Data for analysis
----------------

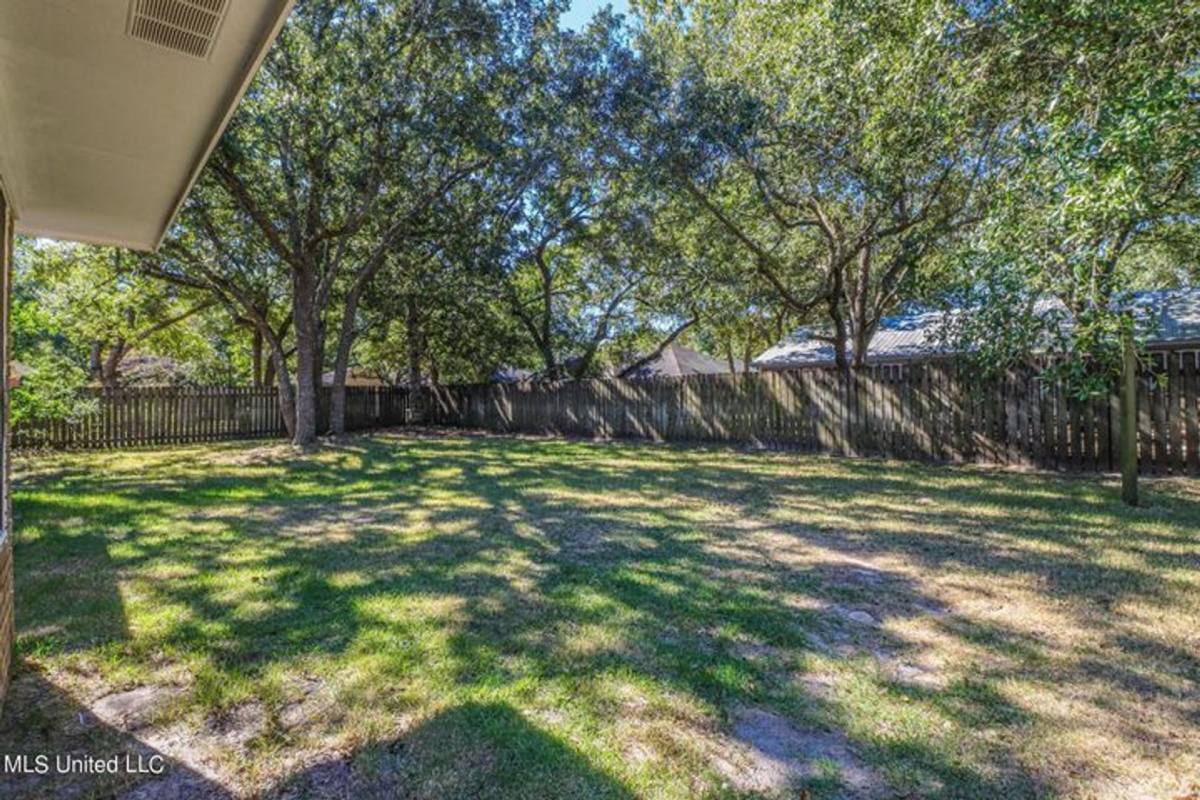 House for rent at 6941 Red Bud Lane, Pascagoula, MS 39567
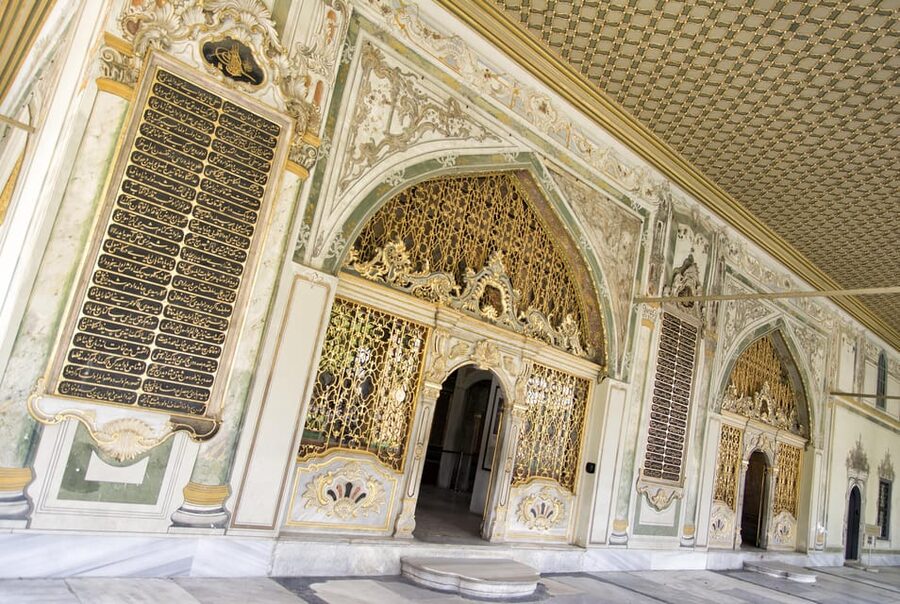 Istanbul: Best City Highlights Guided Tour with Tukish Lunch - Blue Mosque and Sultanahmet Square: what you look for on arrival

----------------

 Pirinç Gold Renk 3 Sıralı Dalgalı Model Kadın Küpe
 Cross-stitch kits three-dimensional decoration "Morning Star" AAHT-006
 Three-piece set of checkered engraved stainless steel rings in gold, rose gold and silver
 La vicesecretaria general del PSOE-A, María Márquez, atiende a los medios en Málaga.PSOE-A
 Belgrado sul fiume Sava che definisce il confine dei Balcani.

----------------

Assignment
When copying from the data above, print only the lines from the line containing "House for rent" to the line containing "Istanbul: Best City", exactly, and leave the pictures out.

Exercise answer
 House for rent at 6941 Red Bud Lane, Pascagoula, MS 39567
 Istanbul: Best City Highlights Guided Tour with Tukish Lunch - Blue Mosque and Sultanahmet Square: what you look for on arrival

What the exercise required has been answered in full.